Anglo's waiver from capital rules extended
THE FINANCIAL Regulator has extended part of Anglo Irish Bank’s waiver from its capital rules until the end of the year due to doubt over the scale of the bank’s need for new capital when its loans go to the National Asset Management Agency (Nama).
Anglo has already received €3.83 billion in new capital from the Government since June, but its total capital still remains below the minimum requirement set out for it by the Regulator.
The extension of Anglo’s derogation from that standard means the nationalised bank will be able to proceed into the Nama process without an immediate call on further State capital.
Nationalised in January as scandal engulfed the bank, Anglo is under Garda and regulatory investigation on three fronts: the concealment of directors’ loans; the secretive placing of a 10 per cent stake in Anglo to clients who funded the deal with non-recourse loans from the bank; and the lodgment of multibillion-euro deposits at the end of Anglo’s last fiscal year by Irish Life Permanent.
Even as it received a Government commitment in May to recapitalise the bank by up to €4 billion, Anglo publicly said it may require further injections of up to €3.5 billion from the State post-Nama to rebuild its balance sheet.
However, the bank’s actual requirement will be determined only when the discounted price at which the Nama acquires loans is set.
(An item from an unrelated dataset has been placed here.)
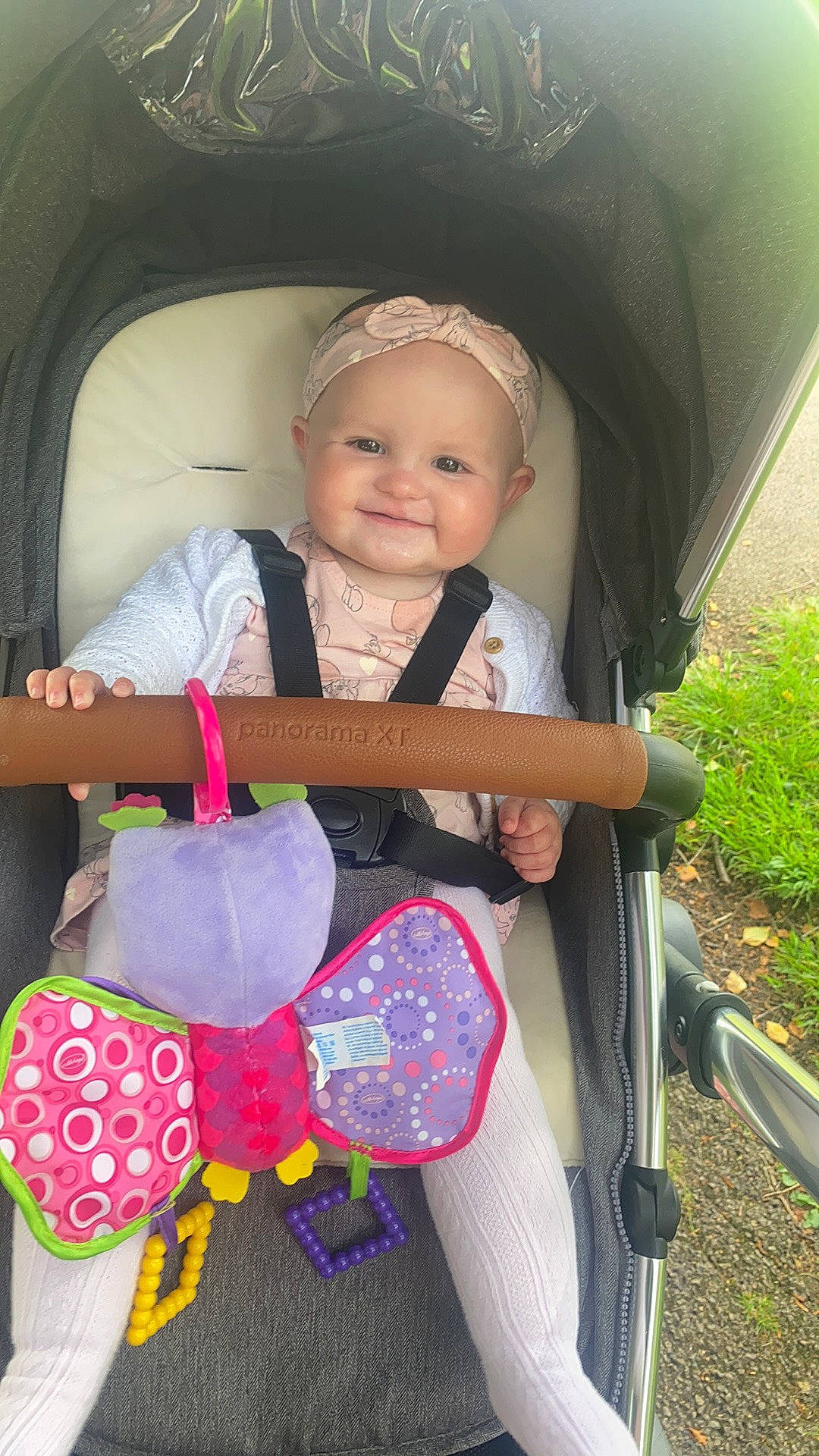 Luna is registered to the contest to win money with this photo: baby, baby_carriage, baby_products, baby_toddler_clothing, bag, car_seat, child, fashion_accessory, happy, head, headwear, joy, leisure, luggage_and_bags, magenta, person, personal_protective_equipment, pink, plant, sitting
This will govern the loss that Anglo realises on the Nama deal and the extent of the resulting capital depletion. “Any further decisions will be impacted by Nama. We can’t speculate on capital requirements until that happens,” said a source close to the bank.
Australian banker Mike Aynsley was this week appointed chief executive of Anglo. He will take up the post next month.
Anglo’s latest derogation from the Regulator is disclosed in a new supplement to a prospectus for a €30 billion medium-term bond programme. “The Financial Regulator extended until December 31st, 2009, its temporary derogation relating to maintaining a 9.5 per cent minimum total capital requirement,” it said.
Although the EU Capital Requirements Directive sets out a minimum total capital ratio of 8 per cent for most banks, the Regulator imposed an additional requirement on Anglo some years ago in light of the high-risk profile in its business.
Anglo declined yesterday to say where its current total capital ratio stands, but interim accounts show that it was 8.2 per cent in March after the bank realised very heavy loan losses.
The Regulator granted a number of waivers from its capital rules in May, the remainder of which were since lifted. “All the other temporary derogations are withdrawn and this temporary derogation continues until the end of the year,” said a spokeswoman for the Regulator.
When granting the latest derogation on July 31st, the Regulator also extended for seven days another temporary derogation relating to the bank’s requirement to maintain a 4 per cent core tier-one ratio. Anglo achieved that ratio on August 6th when it received €827.72 million from the Government, a payment that followed a €3 billion injection in June.
Anglo incurred a pretax loss of €4.1 billion in the six months to March as the value of land and development assets plummeted. While taking a €4.1 billion impairment charge, Anglo said that the level of “past due” and “impaired” loans had risen to €23.6 billion from €2.5 billion in six months.